Using git filter-repo to clean up Git history
As I was preparing an open source release of a tool, which was previously only developed internally I was looking into how to remove internal files (e.g. pipeline configurations) from the repository and additionally I wanted to clean up the commit history, as the commit authors contained internal information (e.g. usernames).
After a bit of searching the interwebs I stumbled over git filter-repo, which seems to be the solution of choice for this task nowadays.
git filter-repo usage
First thing you need to be aware of is that by default git filter-repo refuses to work on repositories which haven't been freshly pulled.
This is is a security mechanism, which is meant to protect you from shooting yourself in the foot.
So the first step of the process is creating a fresh clone of your repository:
git clone https://example.com/repo.git
Removing files from Git history
Compared to the complex combination of commands, which would be required to achieve the same result with git filter-branch, this is a stupid simple task to achieve with git filter-repo.
Here's an example how to remove a Jenkinsfile from the repository:
git filter-repo --invert-paths --path Jenkinsfile
The command also works the same if you want to remove whole repositories!
Cleaning up commit authors
Because of the way the Git client was set up for the developers and some contributions being done directly in Bitbucket, some commits contained the username as the e-mail address of the commit id.

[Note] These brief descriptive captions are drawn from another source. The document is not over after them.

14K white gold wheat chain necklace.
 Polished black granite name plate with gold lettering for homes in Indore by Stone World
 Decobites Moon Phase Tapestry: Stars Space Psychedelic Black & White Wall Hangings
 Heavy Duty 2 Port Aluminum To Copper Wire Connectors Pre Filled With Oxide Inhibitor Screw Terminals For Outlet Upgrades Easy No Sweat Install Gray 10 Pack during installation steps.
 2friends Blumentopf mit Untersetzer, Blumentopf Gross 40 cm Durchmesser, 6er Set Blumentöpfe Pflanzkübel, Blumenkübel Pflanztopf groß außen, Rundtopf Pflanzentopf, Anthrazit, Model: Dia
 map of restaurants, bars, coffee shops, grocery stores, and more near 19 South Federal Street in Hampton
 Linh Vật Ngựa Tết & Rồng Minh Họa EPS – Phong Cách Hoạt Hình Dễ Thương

At first I thought I would have to write a script to loop over all commits and fix each authors, but luckily git filter-repo had my back again!
All I had to do was create a .mailmap file, which contained the information how to map commit author e-mail adresses to commit author names and run git filter-repo --use-mailmap.
# Will add John Doe as the commiter name for all commits made with the e-mail john.doe2@example.com
John Doe <john.doe2@example.com>
# Will add John Doe as the commiter name and john.doe2@example.com as the commit e-mail for all commits with the e-mail u123456@example.com
John Doe <john.doe2@example.com> <u123456@example.com>